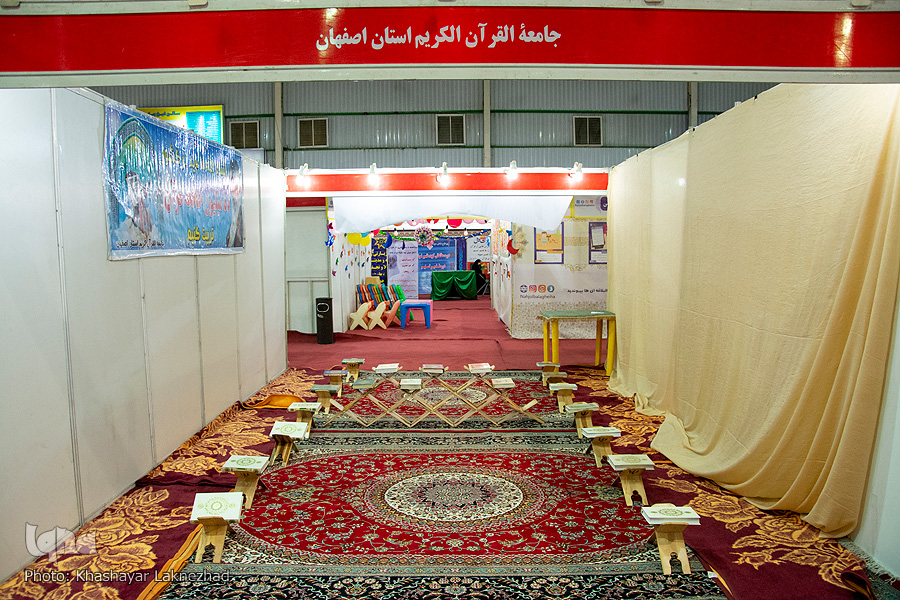 گشتی در میان غرفه های قرآنی نمایشگاه قرآن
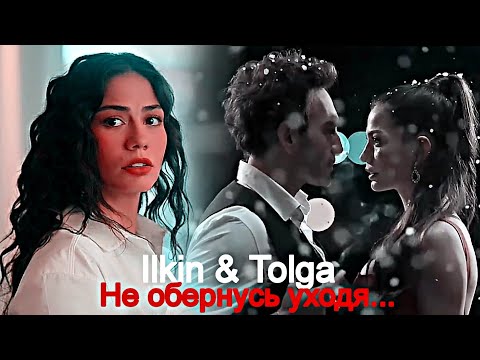 Видео: Ilkin & Tolga (+Kenan) - Не обернусь уходя...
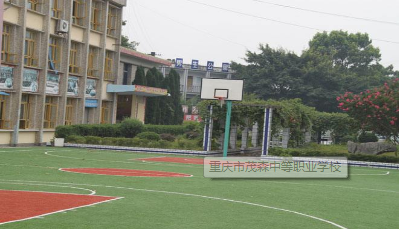 校园环境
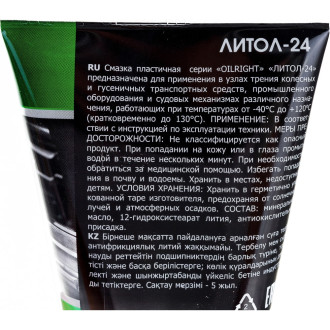 Смазка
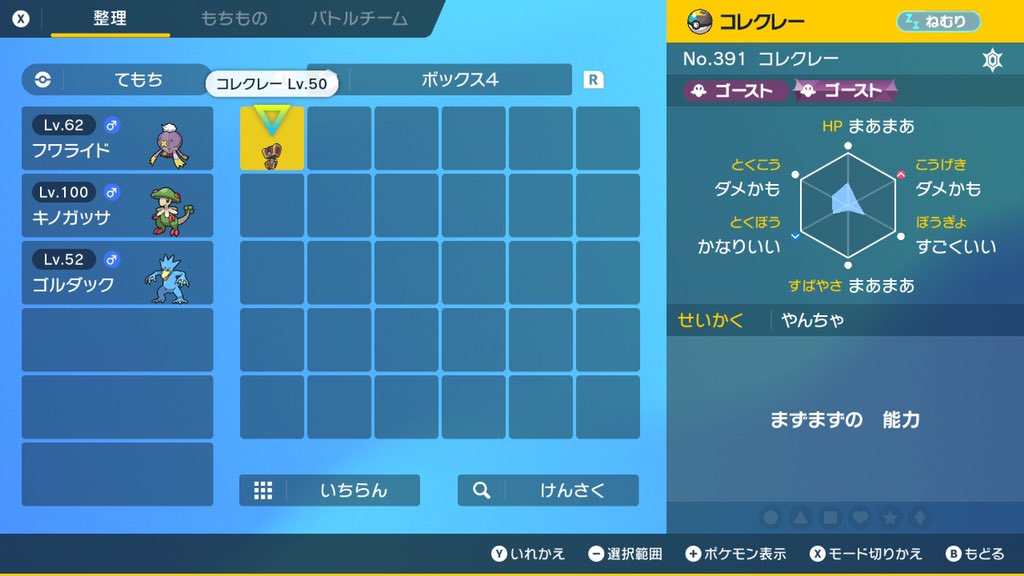 ガーダシルsv おまけ オシャボで捕獲する場合はゴルダックのみずびたし ガッサでみねうち Amp 胞子するのがおススメです T Co Snqmdsmjg3 Twitter ガーダシルsv おまけ オシャボで捕獲する場合はゴルダックのみずびたし ガッサでみねうち Amp 胞子するのがおススメです T Co Snqmdsmjg3 Twitter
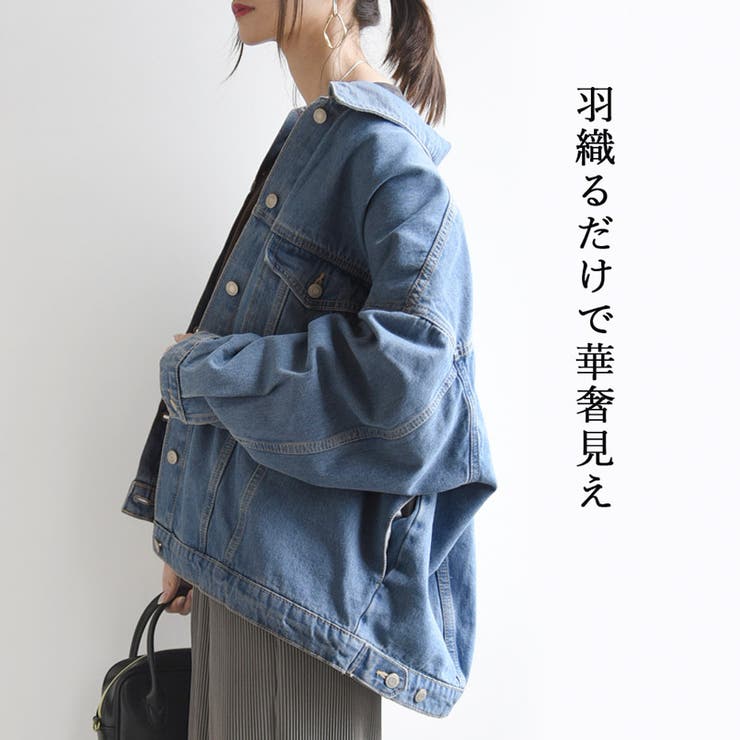 ビッグシルエットデニムジャケット ジャケット レディース[品番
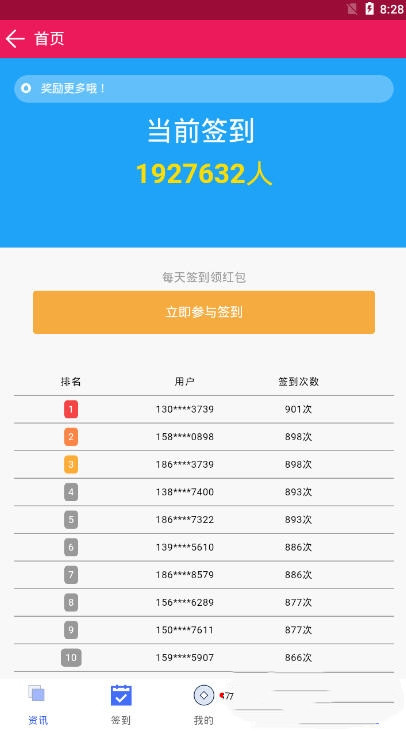 扎堆小说app官方下载苹果手机版  v1.0图5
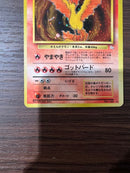 Pok Mon Tcg Trading Card Game 3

WORK INSTRUCTIONS
Keep each line of the records exactly as it is while transcribing them, but leave the images behind.

EXERCISE ANSWER
 گشتی در میان غرفه های قرآنی نمایشگاه قرآن
 Видео: Ilkin & Tolga (+Kenan) - Не обернусь уходя...
 校园环境
 Смазка
 ガーダシルsv おまけ オシャボで捕獲する場合はゴルダックのみずびたし ガッサでみねうち Amp 胞子するのがおススメです T Co Snqmdsmjg3 Twitter ガーダシルsv おまけ オシャボで捕獲する場合はゴルダックのみずびたし ガッサでみねうち Amp 胞子するのがおススメです T Co Snqmdsmjg3 Twitter
 ビッグシルエットデニムジャケット ジャケット レディース[品番
 扎堆小说app官方下载苹果手机版  v1.0图5
 Pok Mon Tcg Trading Card Game 3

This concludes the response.